Kevin Murphy | Salisbury Lacrosse

As a kid, I was obsessed with basketball, but in the eighth grade, something changed for me. I loved hoops, but the first time I saw my brother play lacrosse, the physicality and speed of the game drew me in. But more than anything, I saw how much my brother loved lacrosse, so I decided to give it a try. I After my freshman year of high school, my coach told me that I had a good chance of playing in college; I took the idea and ran with it. 

I started focusing on lacrosse and playing for a club team over the summer, going to tournaments all over the country to play against the best competition. After a couple of years of recruiting, I decided I was going to play at Salisbury University. At the time, Salisbury had won eleven National Championships; I was fortunate enough to be a part of the twelfth team to win a title in 2017. It was one of the most amazing experiences of my life, and I wouldn’t trade it for the world. But this isn’t about that.
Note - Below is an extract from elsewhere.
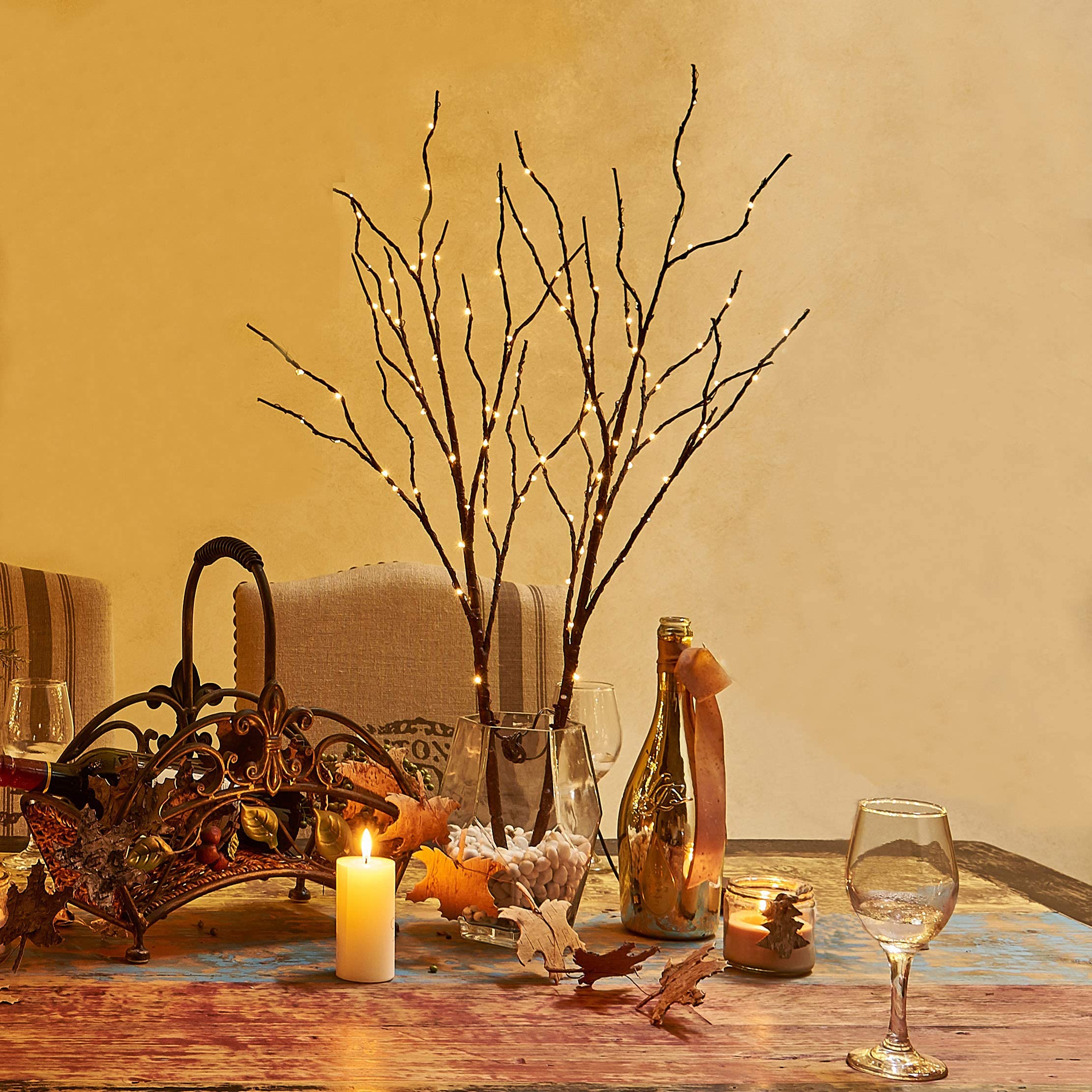 Hairui Lighted Brown Branches Battery Operated with Timer 32IN 100 LED Fairy Lights, Willow Branch Lights for Home Bedroom Fireplace Christmas Holiday Decoration Indoor Outdoor Use (Vase Excluded) image 7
But let’s rewind a little bit here. During my freshman year I played behind 4 All Americans. Two of these incredible players had graduated, and it was my time to take a role on a talented defensive unit. I worked hard all summer, lifting and playing lacrosse, and continued to do so through the fall and winter. In the end, my work was recognized when I was awarded a starting spot. I had some ups and downs in my play throughout the season, but towards the end of March and through April, I was beginning to play very well. I felt as I was in the best shape of my life and playing the best lacrosse I ever had. 
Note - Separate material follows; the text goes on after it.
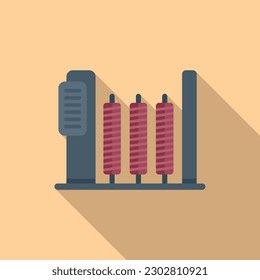 Roll thread icon flat vector. Cotton machine. Industry fabric
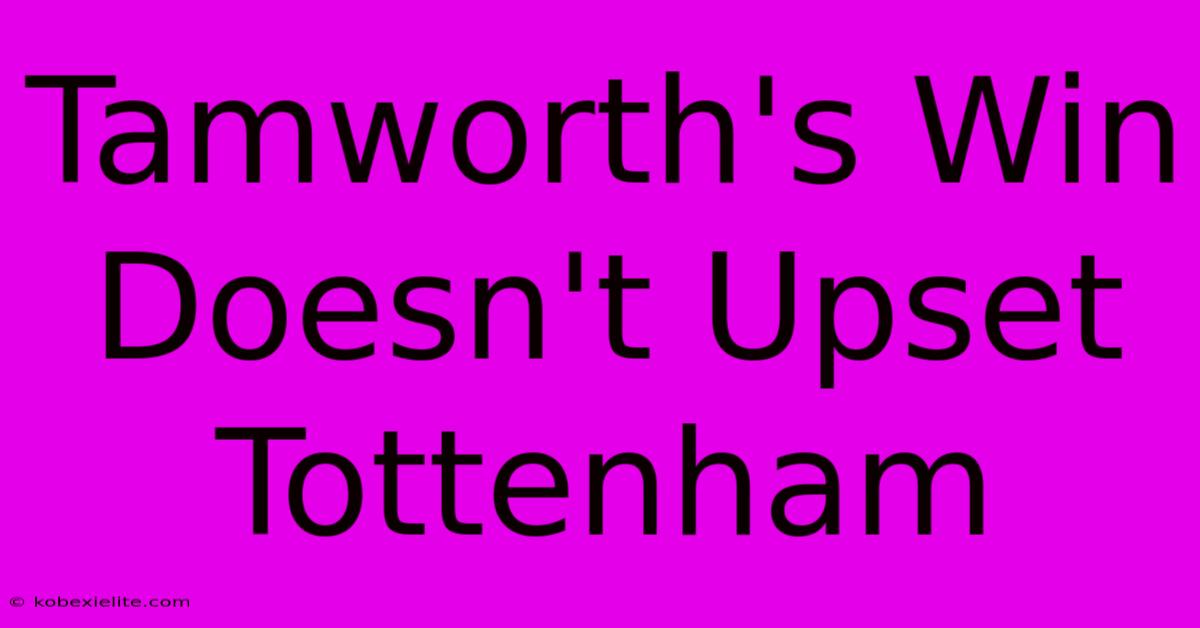 Tamworth's Win Doesn't Upset Tottenham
We were playing York College in the conference finals. It was a huge game, we were both ranked in the Top 10 in the country, and we had previously lost to them in the regular season. We were there for revenge, and looking to end our regular season on a high note. We started the game a little slow, but eventually took control and were leading at half. I was beginning to settle into the game and was feeling good. The third quarter rolled around and I was guarding my man when I went to change directions and heard a “POP” and immediately felt a warm pain shoot down the outside of my knee.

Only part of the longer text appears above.